One of my secondary (and very important) goals for this run was to practice my pre-run nutrition. I rarely eat before running, even for runs of 10 or miles, but I knew I had to make some changes after bonking on my last two 16-milers. I was very glad to meet Jeff from Detroit Runner last week, and he gave me some awesome tips for getting nutrition before and during long runs. He also wrote an excellent post about race nutrition and the marathon, and I took his advice (and that of his readers) before my long run last weekend. Because I have a somewhat sensitive stomach while running and I’m not used to eating before I run, I wanted to have something of substance without pushing my luck. I decided to try half a banana and half a bagel with peanut butter. I also had some water and Gatorade so I’d be a little more hydrated than normal. Because I wanted to give the food time to settle, I set my alarm so I could eat a couple hours before I planned to run, then I went back to bed for a while.

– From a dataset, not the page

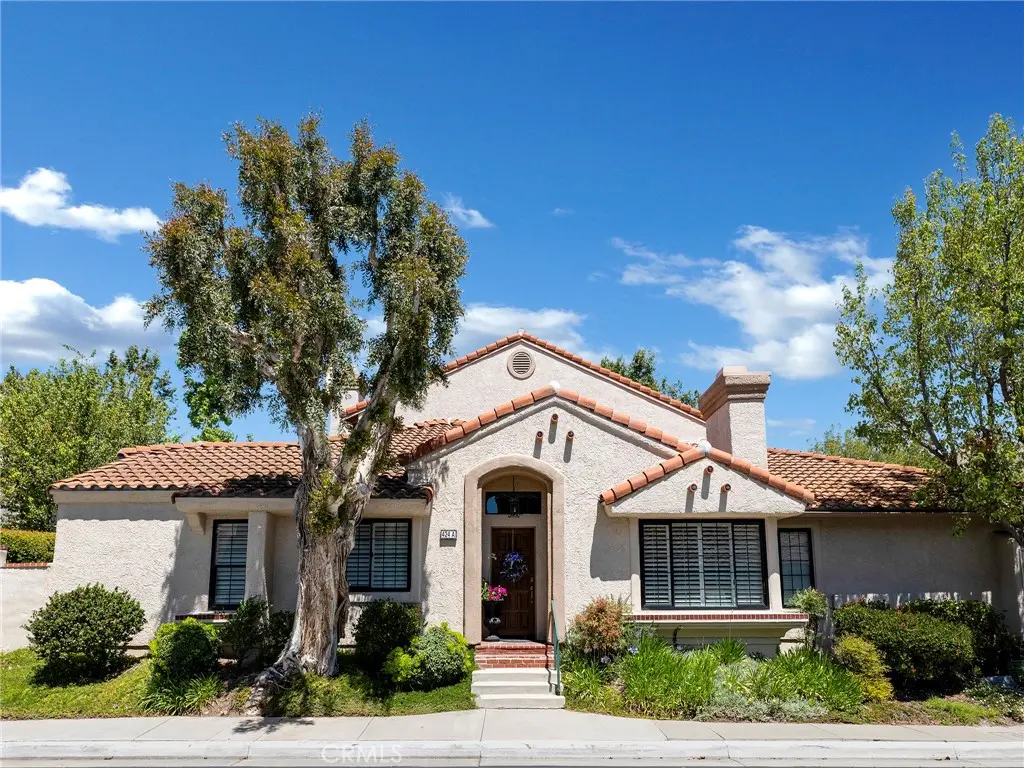 424 Country Club Drive A, Simi Valley, CA — listing photo 1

I took my Amphipod handheld water bottle with me (filled with watered down Gatorade) and put some Honey Stinger chews in its pocket. I had no stomach problems at all (very luckily), and I had chews twice during the run…I think around miles 10 and 14. I felt very slow on this run, and not as energetic as I would’ve liked, but I was able to keep my pace pretty consistent and I was running on tired legs, so I have no complaints. I think the pre-run nutrition definitely helped, as did having my wife run the final 12 miles with me. I hadn’t run with her in quite a while – her shins have been bothering her for several weeks now, and she’s had to build her long runs back up slowly after some time off and reduced mileage. It was great running with her again, and having a running buddy really helped me get through the last couple miles (which felt like hell). My next long run will probably be around 16-17 miles, including 3 x 3 miles at a target pace. I’m looking forward to it, and I hope the intervals will make it a little less monotonous than a normal long run. The race nutrition stuff is still very new to me, and I’m using my weekly long runs to test different nutrition strategies both before and during my runs. Thanks again to Jeff for the great advice last week. It helped a lot, and I’ll keep working on figuring out an ideal race nutrition strategy during the two months remaining before Bayshore.
Are you training for any races right now? If so, which one(s) and at what distance(s)?
What do you do to keep your long runs interesting and less tedious?
Do you eat before or during races? If so, what do you eat? If not, then why not? I prefer to not eat before or during races, but I know I need to in longer races to avoid (or at least delay) hitting the wall.